Il y a des jours, j'ai envie de quitter ce monde. Pas de mourir, soyons clairs. Mais de changer d'époque, de planète, de dimension... voire de moi-même aussi.
Il était bon, il était beau, le monde d'avant. Il sentait bon le sable chaud. La boustifaille en veux-tu en voilà, le tourisme à l'autre bout du monde, le carburant pas cher, les jouets géants en plastique, le Nutella à toutes les tables des mioches parce que "c'est trop bon", le béton qui avance sur la forêt, les mégots plantés dans le sable, le médecin à domicile, les profs respectés, la tiédeur au printemps et la neige en hiver, les lucioles dans l'herbe et les oiseaux dans les nues... Et tant d'autres choses encore.
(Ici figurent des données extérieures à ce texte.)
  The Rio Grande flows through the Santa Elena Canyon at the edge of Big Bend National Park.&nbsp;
Il sentait bon, et pourtant, il pourrissait déjà. Depuis longtemps.
Je suis né dans cette abondance, du bon côté du globe. J'en ai profité comme un dû, sans jamais réfléchir aux comment, aux conséquences, au devenir de ce système si confortable, si bien huilé. Pourquoi réfléchir quand on peut se permettre de ne voir la vie qu'à travers le prisme de son ego ? De ses ambitions et de ses rêves, aussi fous et dérisoires soient-ils ?
Non, il ne faut surtout pas revenir au monde d'avant. Même si on en prend clairement le chemin. Les pays continuent d'investir à mort sur les énergies fossiles, sur la conquête spatiale, sur l'armement, sur la pétrochimie, l'agro-industrie, pendant qu'on agite quelques hommes de paille auprès des activistes écolos pour leur laisser croire qu'ils sont écoutés.
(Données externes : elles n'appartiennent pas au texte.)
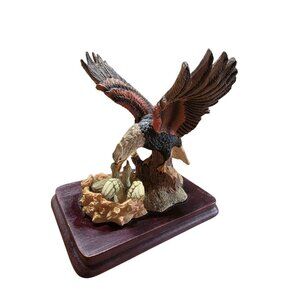 Hand-Painted Vintage Bald Eagle Figurine On Wood Base With Nest Scene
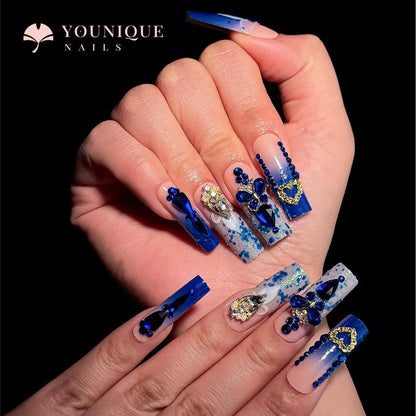 Buy 10, Get 10 Free! [Machine-Made] 24Pcs/Set Reusablefalse Nails with Rhinestone & Floral Decor for Women & Girls DIY Nailsart, French Style Press on Nails, Stickon Nails Glue on Nails, Manicure Fullcover Sticker Nails Gift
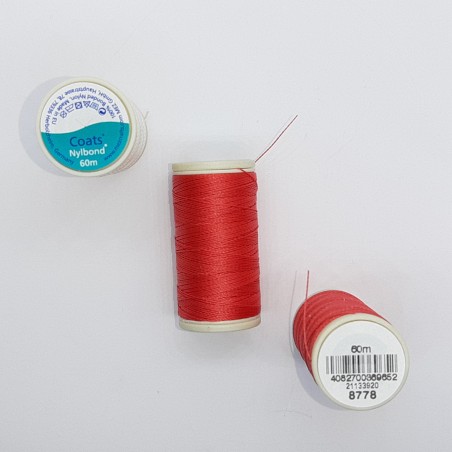 Hilo Coats Nylbond extrafuerte y elástico para coser color 8778 rojo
La marée monte, pleine d'immondices, et tout le monde semble s'en contrefoutre. Enfin non, pas tout le monde. Disons, ceux qui pourraient y faire quelque chose mais n'ont surtout pas intérêt à le faire. Les GAFAS se gavent comme jamais en jetant tout juste quelques miettes de leur table en guise de taxe aux États, on se dispute les nouvelles voies navigables en Arctique plutôt que de trouver des moyens de contenir la fonte de la banquise, on massacre les colonies d'abeilles d'un côté à coup de néonicotinoïde, on les épuise de l'autre en les poussant à polliniser des millions d'amandiers aux États Unis, on réduit à peau de chagrin des derniers espaces sauvages, au risque de déclencher de nouvelles pandémies, on entasse, on mutile, on massacre des milliards de cochons, de poules, dans de gigantesques bâtiments où ils ne verront jamais la lumière du jour pour notre sacrosainte consommation carnée, on ratisse les fonds marins jusqu'au dernier poisson à grand renfort d'immenses filets de chalut, on fait de la mer une poubelle de nos déchets abandonnés aux quatre coins du monde...
Au nom d'un seul et unique maître-mot, le cheval de bataille depuis la fin de la seconde Guerre Mondiale : la croissance.
Il faut croître, encore et toujours plus, devenir plus rentable, plus productif, plus compétitif. Sauf qu'il n'existe pas de croissance infinie dans un monde fini. Le jour où il n'y aura plus de sable, à force de l'exporter pour en faire du béton, on fera bronzette sur la caillasse et nos gamins, eux, des pâtés d'éponges mortes. Le jour où le grand requin aura disparu, éradiqué parla pollution et la chasse, Spielberg aura l'air bien con avec son "Jaws". Et le jour où il n'y aura plus que nous, fière et indomptable espèce dominante, quelle satisfaction aurons-nous, sinon de réaliser que l'argent ne se mange pas et que l'histoire de "Soleil Vert" était très avant-gardiste ?
Mais je m'égare. Nous n'en arriverons jamais là. Nous serions tous morts bien avant. Mais une chose est sûre : il faut en finir avec ce système de corruption et de prédation. Il existe suffisamment de femmes et d'hommes innovants, créatifs, humanistes en ce monde pour concevoir d'autres modèles de société, fondés sur de nouveaux modèles de croissance : celle du savoir, de l'empathie, du bien-être, de l'amour.
Vous riez ? Vous n'y croyez pas ? Mais si vous-même êtes incapable de donner du crédit à ces idées, qui le fera ? Si nous ne sommes pas unis, solidaires, toute une masse citoyenne à partager un idéal commun, un élan inédit de renaissance, de résurrection de l'humanité, quel monde laisserons-nous à nos enfants et à nos vieux jours ?
Nous sommes sur le point de bascule. Asservis au confort moderne ou forts de la volonté de s'affranchir de ses compromissions suicidaires.
Le choix est loin d'être simple. Mais tôt ou tard, il s'imposera.
D'où ma réflexion première : j'aimerais bien quitter ce monde... avant qu'il nous pète à la gueule.
Et construire d'ores et déjà le monde de demain.